Le Toulousain Sigfox connecté à l'international grâce à Samsung

Par Pierre Manière  |   |  823  mots
Sigfox va intégrer son protocole de communication à Artik, la nouvelle plateforme de Samsung.
Le géant sud-coréen a annoncé vouloir investir dans Sigfox, le spécialiste de l’Internet des objets, sans indiquer de montant lors d’une conférence en grande pompe à Paris. Présent, le ministre de l’Economie a salué l’initiative, révélatrice selon lui de « l’attractivité » de l’Hexagone.

Samsung va prendre des parts dans Sigfox. Telle est la principale annonce faite par le géant sud-coréen lors d'une conférence en grand pompe à Paris, ce lundi. Il ne s'agit pas franchement d'une surprise, puisque Samsung et la pépite française de l'Internet des objets avaient déjà confié le mois dernier qu'ils allaient travailler ensemble. En revanche, motus sur le montant investi par Samsung. Dans ce contexte un peu flou, le grand rival d'Apple dans la sphère high-tech s'est borné à parler de « partenariat », en déroulant consciencieusement sa stratégie offensive dans les objets connectés.

Dans le détail, le fonds Samsung Ventures va donc s'immiscer dans le capital de Sigfox. Cette manne va permettre au spécialiste toulousain des réseaux bas débit de poursuivre ses déploiements d'antennes, notamment en Europe et aux Etats-Unis. En parallèle, les deux groupes ont convenu d'un partenariat pour intégrer le protocole de communication de Sigfox à la nouvelle plateforme du géant sud-coréen. Baptisée Samsung Artik, celle-ci repose notamment sur trois petits modules SOC (pour « system on a chip »). Il s'agit de systèmes embarqués sur une seule puce, comprenant des capteurs de mouvements, de la mémoire, des microprocesseurs, et des solutions de connectivité (le Wi-Fi par exemple). Ces modules carrés ou rectangulaires (de 12 à 39 mm de côté au maximum) sont ainsi proposés aux fabricants d'objets connectés selon leurs besoins.

Artik, bras armé de Samsung dans l'Internet des objets

Pour Sigfox, ce partenariat constitue donc une sacrée rampe de lancement pour ses réseaux bas débit. Dans quelques années, les objets connectés vont déferler dans notre quotidien. Selon le cabinet Idate, on en comptera 80 milliards à travers le monde d'ici à 2020. Miniaturisés, les capteurs vont envahir les compteurs d'eau, d'électricité, les routes, les éclairages publics... Pour fonctionner correctement et envoyer ou recevoir des informations, ils doivent toutefois conjuguer des impératifs d'autonomie (certains, enterrés sous terre, doivent pouvoir fonctionner plusieurs années) et de coût. Or, les réseaux bas débit permettent de répondre à ces défis lorsque les informations à transmettre ne sont pas plus lourde qu'un texto. En outre, les antennes de Sigfox permettent de capter ces « messages » sur un grand périmètre, jusqu'à 40 km, ce qui permet de couvrir des pays entiers à moindre coût.

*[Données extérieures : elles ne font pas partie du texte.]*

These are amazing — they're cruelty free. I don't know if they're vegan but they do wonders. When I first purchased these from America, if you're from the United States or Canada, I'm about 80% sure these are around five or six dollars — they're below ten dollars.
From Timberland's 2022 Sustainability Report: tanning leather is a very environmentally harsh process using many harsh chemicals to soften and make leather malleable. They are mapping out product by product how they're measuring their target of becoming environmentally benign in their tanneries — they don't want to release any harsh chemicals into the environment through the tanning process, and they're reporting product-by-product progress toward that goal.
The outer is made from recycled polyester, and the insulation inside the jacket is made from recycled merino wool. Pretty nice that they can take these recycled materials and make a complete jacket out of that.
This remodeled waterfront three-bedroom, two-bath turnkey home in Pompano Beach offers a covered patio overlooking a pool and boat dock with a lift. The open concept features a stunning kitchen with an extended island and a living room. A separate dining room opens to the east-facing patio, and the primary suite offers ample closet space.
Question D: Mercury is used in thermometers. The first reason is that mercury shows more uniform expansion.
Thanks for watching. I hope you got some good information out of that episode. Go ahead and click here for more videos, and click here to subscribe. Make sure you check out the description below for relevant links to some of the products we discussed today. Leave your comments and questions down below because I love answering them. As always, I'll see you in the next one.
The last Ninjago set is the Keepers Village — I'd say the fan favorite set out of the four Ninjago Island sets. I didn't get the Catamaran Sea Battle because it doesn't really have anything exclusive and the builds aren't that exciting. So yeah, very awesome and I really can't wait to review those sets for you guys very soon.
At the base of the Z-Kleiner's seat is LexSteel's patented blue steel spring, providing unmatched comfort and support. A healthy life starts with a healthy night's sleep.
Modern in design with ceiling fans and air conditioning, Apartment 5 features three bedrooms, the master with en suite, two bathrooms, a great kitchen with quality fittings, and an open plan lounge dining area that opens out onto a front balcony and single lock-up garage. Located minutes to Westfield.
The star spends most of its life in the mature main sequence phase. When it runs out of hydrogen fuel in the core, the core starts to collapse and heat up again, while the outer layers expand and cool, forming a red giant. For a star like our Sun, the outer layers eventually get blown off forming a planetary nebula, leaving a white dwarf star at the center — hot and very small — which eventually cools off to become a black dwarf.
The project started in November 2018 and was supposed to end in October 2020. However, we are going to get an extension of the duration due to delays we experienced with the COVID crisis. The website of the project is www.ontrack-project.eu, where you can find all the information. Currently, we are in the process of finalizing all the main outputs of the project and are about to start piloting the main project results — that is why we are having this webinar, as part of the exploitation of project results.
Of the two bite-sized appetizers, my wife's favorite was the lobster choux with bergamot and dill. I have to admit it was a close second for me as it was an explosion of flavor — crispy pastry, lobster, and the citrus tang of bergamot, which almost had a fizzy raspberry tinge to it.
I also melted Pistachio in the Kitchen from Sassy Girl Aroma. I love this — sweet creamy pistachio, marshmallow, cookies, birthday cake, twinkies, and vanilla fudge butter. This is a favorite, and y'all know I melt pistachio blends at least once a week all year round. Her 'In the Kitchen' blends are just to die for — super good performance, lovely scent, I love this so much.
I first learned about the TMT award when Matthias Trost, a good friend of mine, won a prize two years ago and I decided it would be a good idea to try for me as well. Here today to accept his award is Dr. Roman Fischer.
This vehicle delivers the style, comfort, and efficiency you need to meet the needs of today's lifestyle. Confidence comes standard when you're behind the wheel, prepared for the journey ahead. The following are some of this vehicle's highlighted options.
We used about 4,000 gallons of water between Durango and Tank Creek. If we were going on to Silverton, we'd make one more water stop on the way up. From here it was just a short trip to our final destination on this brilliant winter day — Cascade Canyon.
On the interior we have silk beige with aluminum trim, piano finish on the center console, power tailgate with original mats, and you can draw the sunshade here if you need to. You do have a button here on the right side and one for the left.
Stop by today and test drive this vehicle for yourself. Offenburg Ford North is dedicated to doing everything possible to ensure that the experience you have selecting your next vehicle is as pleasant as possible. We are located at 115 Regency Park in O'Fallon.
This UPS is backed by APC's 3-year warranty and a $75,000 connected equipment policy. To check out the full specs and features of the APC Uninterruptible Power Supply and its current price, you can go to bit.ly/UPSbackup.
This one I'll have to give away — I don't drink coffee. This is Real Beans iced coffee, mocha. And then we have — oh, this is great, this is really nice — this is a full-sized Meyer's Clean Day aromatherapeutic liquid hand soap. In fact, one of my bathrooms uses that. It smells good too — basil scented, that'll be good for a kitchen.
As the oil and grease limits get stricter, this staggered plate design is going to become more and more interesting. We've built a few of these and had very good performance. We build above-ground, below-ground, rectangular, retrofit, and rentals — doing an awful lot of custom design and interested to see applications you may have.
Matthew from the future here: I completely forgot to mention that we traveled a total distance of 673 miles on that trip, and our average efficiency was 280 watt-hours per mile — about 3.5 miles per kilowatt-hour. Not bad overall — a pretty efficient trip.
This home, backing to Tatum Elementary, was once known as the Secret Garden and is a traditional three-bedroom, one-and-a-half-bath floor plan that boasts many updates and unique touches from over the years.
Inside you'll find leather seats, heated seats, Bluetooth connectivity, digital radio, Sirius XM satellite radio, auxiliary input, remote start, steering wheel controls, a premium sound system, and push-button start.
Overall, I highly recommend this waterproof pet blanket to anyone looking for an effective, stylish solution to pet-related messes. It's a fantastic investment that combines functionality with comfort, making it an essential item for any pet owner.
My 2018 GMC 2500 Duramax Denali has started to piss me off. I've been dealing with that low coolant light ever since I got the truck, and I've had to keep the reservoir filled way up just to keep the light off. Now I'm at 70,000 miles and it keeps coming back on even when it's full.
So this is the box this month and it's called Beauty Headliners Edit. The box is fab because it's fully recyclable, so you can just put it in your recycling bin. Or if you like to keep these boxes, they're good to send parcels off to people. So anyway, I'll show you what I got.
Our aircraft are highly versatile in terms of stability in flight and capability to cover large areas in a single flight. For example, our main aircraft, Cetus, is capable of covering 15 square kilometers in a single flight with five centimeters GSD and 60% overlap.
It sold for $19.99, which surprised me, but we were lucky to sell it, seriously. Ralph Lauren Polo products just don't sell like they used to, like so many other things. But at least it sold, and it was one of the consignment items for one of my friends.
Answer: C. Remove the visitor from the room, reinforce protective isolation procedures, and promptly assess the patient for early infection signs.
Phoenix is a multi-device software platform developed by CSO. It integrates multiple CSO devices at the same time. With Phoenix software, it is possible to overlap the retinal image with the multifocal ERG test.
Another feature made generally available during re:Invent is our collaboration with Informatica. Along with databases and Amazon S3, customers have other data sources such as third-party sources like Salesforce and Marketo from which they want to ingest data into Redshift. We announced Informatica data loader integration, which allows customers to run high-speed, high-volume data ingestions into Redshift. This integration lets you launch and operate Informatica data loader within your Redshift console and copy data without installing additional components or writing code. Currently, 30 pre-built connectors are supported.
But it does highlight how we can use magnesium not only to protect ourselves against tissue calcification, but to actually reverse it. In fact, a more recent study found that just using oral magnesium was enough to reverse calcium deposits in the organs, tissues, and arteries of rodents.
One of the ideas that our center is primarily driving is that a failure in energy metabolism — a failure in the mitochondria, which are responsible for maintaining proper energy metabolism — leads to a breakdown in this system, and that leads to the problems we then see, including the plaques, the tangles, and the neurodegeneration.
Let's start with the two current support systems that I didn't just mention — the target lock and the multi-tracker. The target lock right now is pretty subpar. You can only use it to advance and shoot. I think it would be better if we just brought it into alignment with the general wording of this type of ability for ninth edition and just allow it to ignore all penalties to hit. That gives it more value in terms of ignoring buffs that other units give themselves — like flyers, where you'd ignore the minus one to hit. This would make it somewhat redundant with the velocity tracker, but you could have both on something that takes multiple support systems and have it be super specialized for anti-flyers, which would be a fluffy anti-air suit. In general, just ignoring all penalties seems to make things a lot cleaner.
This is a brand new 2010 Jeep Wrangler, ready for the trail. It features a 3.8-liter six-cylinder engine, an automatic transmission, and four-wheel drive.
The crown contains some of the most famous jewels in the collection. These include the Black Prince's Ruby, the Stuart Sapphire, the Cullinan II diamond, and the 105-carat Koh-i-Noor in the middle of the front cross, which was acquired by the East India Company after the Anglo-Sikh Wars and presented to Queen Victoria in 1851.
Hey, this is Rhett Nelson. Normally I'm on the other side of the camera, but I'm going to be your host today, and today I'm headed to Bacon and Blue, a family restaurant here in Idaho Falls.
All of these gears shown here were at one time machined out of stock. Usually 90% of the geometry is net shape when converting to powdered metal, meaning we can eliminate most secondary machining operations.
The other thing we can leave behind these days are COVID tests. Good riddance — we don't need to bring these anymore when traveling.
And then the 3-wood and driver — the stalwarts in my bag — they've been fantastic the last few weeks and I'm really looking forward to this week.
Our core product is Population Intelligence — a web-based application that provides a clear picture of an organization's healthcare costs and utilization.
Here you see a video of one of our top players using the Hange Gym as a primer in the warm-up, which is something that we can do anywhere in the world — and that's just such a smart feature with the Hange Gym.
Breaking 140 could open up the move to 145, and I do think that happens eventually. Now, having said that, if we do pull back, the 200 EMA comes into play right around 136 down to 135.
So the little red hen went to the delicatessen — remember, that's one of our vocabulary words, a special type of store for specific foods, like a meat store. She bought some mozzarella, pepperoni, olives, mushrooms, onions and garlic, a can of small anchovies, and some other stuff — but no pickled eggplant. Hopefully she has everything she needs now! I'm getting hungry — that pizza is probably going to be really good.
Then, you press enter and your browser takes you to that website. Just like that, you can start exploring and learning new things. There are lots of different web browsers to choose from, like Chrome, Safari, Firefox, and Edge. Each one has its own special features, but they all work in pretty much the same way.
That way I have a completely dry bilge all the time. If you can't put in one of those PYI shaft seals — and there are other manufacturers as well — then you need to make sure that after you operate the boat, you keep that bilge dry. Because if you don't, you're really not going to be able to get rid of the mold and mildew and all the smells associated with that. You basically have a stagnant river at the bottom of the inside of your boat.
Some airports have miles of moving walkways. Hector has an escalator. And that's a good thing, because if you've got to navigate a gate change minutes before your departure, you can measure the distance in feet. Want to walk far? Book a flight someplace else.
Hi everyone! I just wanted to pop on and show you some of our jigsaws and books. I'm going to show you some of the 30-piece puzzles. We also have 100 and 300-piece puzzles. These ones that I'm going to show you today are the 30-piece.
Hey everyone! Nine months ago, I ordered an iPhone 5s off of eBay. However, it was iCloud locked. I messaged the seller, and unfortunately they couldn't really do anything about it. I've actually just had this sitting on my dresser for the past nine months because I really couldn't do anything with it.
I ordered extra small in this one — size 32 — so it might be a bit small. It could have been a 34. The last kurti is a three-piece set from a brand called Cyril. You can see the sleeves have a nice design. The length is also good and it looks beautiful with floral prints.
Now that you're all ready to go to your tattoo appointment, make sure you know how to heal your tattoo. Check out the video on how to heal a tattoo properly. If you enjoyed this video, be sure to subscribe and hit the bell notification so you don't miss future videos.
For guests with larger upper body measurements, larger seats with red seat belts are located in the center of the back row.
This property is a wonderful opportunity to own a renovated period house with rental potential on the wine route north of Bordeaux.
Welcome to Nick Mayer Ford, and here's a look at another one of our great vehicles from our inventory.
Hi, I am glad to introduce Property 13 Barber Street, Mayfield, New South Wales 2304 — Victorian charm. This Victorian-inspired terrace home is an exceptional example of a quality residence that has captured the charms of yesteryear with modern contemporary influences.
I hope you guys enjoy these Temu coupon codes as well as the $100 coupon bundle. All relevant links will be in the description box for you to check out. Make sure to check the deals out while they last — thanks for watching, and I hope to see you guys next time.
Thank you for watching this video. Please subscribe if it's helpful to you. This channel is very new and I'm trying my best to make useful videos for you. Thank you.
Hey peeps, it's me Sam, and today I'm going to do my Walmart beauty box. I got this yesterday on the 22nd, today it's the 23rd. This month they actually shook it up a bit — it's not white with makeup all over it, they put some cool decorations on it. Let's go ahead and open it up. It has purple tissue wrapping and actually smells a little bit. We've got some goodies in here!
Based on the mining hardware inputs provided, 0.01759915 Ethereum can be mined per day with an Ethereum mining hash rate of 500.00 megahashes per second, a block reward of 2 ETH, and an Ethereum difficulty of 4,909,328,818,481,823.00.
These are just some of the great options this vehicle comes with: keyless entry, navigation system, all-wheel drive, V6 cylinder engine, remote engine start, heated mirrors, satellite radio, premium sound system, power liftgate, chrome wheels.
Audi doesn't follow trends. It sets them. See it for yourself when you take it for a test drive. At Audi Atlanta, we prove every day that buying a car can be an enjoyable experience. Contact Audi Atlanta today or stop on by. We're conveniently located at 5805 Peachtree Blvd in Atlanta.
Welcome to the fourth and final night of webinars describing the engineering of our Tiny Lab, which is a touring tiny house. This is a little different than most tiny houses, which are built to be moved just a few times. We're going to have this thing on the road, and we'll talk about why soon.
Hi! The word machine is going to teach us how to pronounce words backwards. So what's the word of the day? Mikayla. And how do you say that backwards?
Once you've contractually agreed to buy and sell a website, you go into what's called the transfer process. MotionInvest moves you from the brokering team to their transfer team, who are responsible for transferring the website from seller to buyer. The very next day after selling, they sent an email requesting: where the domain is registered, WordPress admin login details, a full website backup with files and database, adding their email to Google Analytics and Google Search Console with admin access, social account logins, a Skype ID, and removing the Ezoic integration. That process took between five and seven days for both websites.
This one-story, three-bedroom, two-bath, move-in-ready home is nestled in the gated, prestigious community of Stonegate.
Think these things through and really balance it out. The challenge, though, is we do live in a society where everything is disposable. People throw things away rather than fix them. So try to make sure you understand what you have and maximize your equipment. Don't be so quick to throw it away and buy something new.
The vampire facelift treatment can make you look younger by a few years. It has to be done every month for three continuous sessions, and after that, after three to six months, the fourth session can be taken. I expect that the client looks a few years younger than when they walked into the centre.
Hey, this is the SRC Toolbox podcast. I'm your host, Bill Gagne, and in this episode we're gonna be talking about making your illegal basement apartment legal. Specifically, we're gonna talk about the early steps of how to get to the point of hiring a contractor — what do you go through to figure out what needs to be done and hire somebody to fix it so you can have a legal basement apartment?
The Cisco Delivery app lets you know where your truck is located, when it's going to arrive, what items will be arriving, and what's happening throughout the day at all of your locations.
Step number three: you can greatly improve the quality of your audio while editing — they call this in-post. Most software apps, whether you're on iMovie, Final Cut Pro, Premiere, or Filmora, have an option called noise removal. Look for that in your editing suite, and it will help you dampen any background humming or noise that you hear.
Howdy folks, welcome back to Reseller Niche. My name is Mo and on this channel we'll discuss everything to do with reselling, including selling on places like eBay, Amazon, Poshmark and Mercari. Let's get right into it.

Lors de l'annonce du partenariat avec la pépite toulousaine - sous le feu des projecteurs après avoir levé la 100 millions d'euros en février dernier - Samsung a mis les petits plats dans les grands. A la Maison de la Mutualité à Paris, Young Sohn, président et responsable de la stratégie de Samsung Electronics a pris le micro. Il a longuement fait l'éloge de la plateforme Artik, qui vise « à atteindre la meilleure connectivité entre les différents objets de la maison, en collectant les données dans le cloud, tout en permettant d'assurer au mieux la sécurité ». D'après lui, tous les produits du groupe bénéficieront de cette technologie à horizon 2020.

Un investissement stratégique

Pour Samsung, cet investissement dans l'Internet des objets apparaît stratégique. Même si le groupe coréen a récemment repris à Apple sa place de numéro un mondial sur les ventes de smartphones, il fait face à une concurrence de plus en plus féroce sur certains marché clés. En Chine, avec seulement 9,6 millions de smartphones écoulés au premier trimestre, Samsung a vu sa part de marché tomber de 20% à moins de 10%. Autrefois leader sur ce marché, il se situe désormais derrière ses concurrents Apple, Xiaomi et Huawei. Le groupe, dont les ventes de Galaxy S6 n'ont pas démarré aussi fort que les modèles précédents, doit donc désormais jouer des coudes. Pas question, dans ce contexte, de passer à côté de l'Internet des objets, présenté comme la prochaine grande révolution digitale. Ainsi, Samsung a également annoncé la création d'un centre pour l'innovation à Paris, dédié au cloud et à l'Internet des objets.

Côté français, le partenariat entre Samsung et Sigfox n'est pas passé inaperçu du côté du gouvernement. De passage à la conférence, Emmanuel Macron en a profité pour brandir l'étendard de la French Tech. « France is back » (« La France est de retour ») a-t-il lâché, voyant dans ce partenariat un révélateur de « l'attractivité » de la sphère digitale de l'Hexagone. A ses yeux, ce type d'opération est « exactement ce dont on a besoin ». Pourquoi ? Parce que cela doit permettre aux pépites innovantes de prendre leur envol. Pour le ministre de l'économie, « ce type de partenariat entre les petits et grands groupes » doit permettre « d'accélérer l'innovation ». Ou plutôt de permettre aux startups françaises de grandir, elles qui peinent souvent à lever des fonds pour se développer.